[PATCH] f2fs: multidevice: support direct IO

From: Chao Yu
Date: Mon Jul 19 2021 - 05:04:41 EST


Commit 3c62be17d4f5 ("f2fs: support multiple devices") missed
to support direct IO for multiple device feature, this patch
adds to support the missing part of multidevice feature.
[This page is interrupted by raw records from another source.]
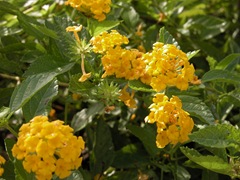 Gold Mound Lantana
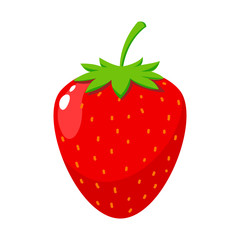 The red strawberry, Isolated Vector Illustration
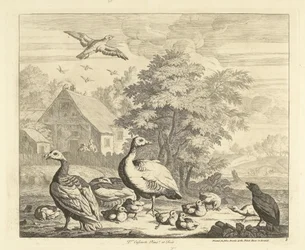 Gjess med unger ved en bekk Forskjellige fugler (serietittel)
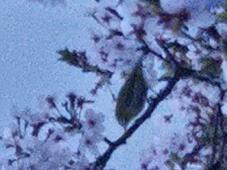 185689_1.jpg  : 37 KB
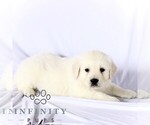 Small #4 English Cream Golden Retriever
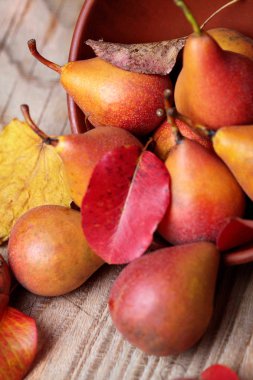 Armut. Armut hasat. Closeup.Fresh organik armut kil plaka ile sonbahar yaprakları üzerinde ahşap masa. Armut sonbaharda hasat. Sonbahar doğa kavramı. Seçici odak.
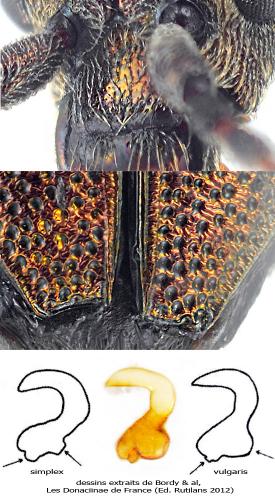 Donacia vulgaris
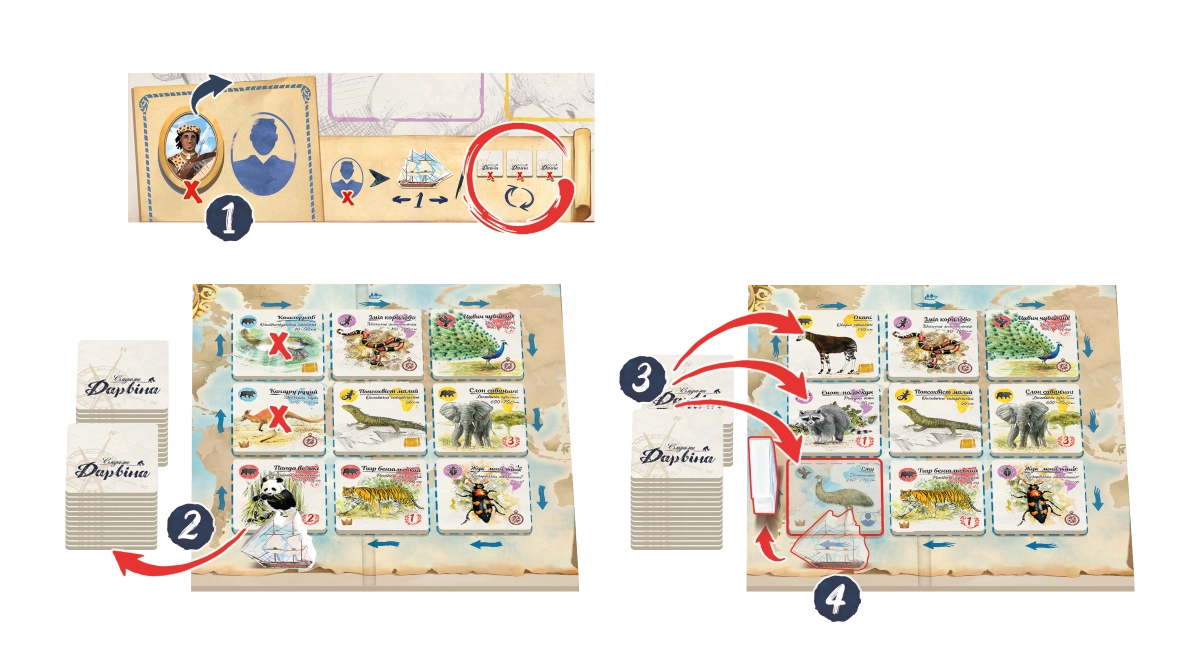 Настольная игра Следами Дарвина (In the Footsteps of Darwin), бренду Feelindigo, для 2-5 гравців, час гри < 30мин. - 3 - KUBIX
In addition, for multiple device image, we should be aware of
any issued direct write IO rather than just buffered write IO,
so that fsync and syncfs can issue a preflush command to the
device where direct write IO goes, to persist user data for
posix compliant.

Signed-off-by: Chao Yu <chao@xxxxxxxxxx>
---
fs/f2fs/data.c | 52 +++++++++++++++++++++++++++++++++++++++++++++--
fs/f2fs/f2fs.h | 24 +++++++++++++++++++---
fs/f2fs/segment.c | 29 +++++++++++++-------------
fs/f2fs/super.c | 7 +++++++
4 files changed, 93 insertions(+), 19 deletions(-)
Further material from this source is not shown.